For multiple element arrangements entered into or materially modified on or subsequent to January 1, 2011, the total consideration for an arrangement is allocated among the separate elements in the arrangement based on a selling price hierarchy. The selling price hierarchy for a deliverable is based on (i) vendor specific objective evidence (VSOE); if available; (ii) third party evidence of selling price if VSOE is not available; or (iii) an estimated selling price, if neither VSOE nor third party evidence is available. If we have not established VSOE and cannot obtain third party evidence of selling price, we determine our estimate of the relative selling price by considering our production costs and historical margins of similar products or services. We believe this best represents the price at which we would transact a sale if the product or service were sold on a stand-alone basis. We regularly review the method used to determine our relative selling price and update any estimates accordingly. We limit the amount of revenue recognized for delivered elements to the amount that is not contingent on the future delivery of products or services or other future performance obligations.

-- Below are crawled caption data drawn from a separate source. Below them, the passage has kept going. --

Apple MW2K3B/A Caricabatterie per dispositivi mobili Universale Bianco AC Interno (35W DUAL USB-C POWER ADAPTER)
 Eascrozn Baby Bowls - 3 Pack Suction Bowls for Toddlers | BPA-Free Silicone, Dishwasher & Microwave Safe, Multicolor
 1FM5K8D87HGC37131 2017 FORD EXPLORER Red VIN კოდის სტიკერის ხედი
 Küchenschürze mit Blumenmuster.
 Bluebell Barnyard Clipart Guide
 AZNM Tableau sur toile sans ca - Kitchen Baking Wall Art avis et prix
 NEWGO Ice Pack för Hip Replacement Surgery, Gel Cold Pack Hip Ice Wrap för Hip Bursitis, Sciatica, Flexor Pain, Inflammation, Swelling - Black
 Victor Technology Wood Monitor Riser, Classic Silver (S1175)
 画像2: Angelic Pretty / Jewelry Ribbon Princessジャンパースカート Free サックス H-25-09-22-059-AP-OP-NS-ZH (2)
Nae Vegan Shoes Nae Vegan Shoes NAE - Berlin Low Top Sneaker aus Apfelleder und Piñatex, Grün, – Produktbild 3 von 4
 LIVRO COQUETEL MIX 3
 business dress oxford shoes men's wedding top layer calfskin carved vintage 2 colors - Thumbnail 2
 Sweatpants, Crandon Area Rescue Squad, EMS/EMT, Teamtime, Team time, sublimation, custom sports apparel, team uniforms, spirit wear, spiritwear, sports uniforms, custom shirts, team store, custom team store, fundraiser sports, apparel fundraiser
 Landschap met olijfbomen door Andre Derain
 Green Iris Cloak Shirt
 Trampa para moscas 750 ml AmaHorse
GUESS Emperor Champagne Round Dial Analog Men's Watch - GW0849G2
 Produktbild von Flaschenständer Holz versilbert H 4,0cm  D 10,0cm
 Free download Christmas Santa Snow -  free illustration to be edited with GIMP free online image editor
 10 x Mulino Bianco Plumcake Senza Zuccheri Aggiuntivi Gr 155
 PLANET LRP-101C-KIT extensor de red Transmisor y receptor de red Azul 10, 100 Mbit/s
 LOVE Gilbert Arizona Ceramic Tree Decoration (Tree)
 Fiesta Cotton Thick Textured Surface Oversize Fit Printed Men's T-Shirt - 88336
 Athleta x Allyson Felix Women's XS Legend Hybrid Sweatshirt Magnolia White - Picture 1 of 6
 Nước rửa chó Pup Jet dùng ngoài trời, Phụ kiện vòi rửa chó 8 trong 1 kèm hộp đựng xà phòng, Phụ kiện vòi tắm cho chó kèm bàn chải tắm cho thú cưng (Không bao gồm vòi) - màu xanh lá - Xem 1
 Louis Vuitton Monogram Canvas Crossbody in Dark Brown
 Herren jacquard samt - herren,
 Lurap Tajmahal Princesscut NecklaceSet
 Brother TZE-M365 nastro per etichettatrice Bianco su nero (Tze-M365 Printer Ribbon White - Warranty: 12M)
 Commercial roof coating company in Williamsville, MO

For multiple element arrangements entered into prior to January 1, 2011, revenue is allocated among the separate accounting units based on the residual method under which the revenue is allocated to undelivered elements based on fair value of such undelivered elements and the residual amounts of revenue are allocated to delivered elements, provided the delivered elements have value on a stand alone basis, there is objective and reliable evidence of fair value for the undelivered elements, the arrangement does not include a general right of return relative to the delivered item and delivery or performance of the undelivered item(s) is considered probable and substantially in our control. The maximum revenue recognized on a delivered element is limited to the amount that is not contingent upon the delivery of additional items.

We generally recognize revenue from spare parts sales upon shipment, as our products are generally sold on terms that transfer title and risk of ownership when it leaves our site. We sell service contracts for which revenue is deferred and recognized ratably over the contract period (for time-based service contracts) or as service hours are delivered (for contracts based on a purchased quantity of hours). We recognize license revenue from transactions in which our systems are re-sold by our customers to third parties, as well as from royalty arrangements.

Costs related to deferred product revenues are capitalized (deferred) and recognized at the time of revenue recognition. Deferred product revenue and costs are netted on our balance sheet, under the caption “deferred product and services income.”

Costs incurred for shipping and handling are included in cost of sales.

Other Assets

Included in other assets for the three month period ended October 1, 2011 is restricted cash in the amount of $0.2 million. The restricted cash is in the form of an interest bearing account. Our obligation will be released upon the completion of our warranty obligation for a certain customer.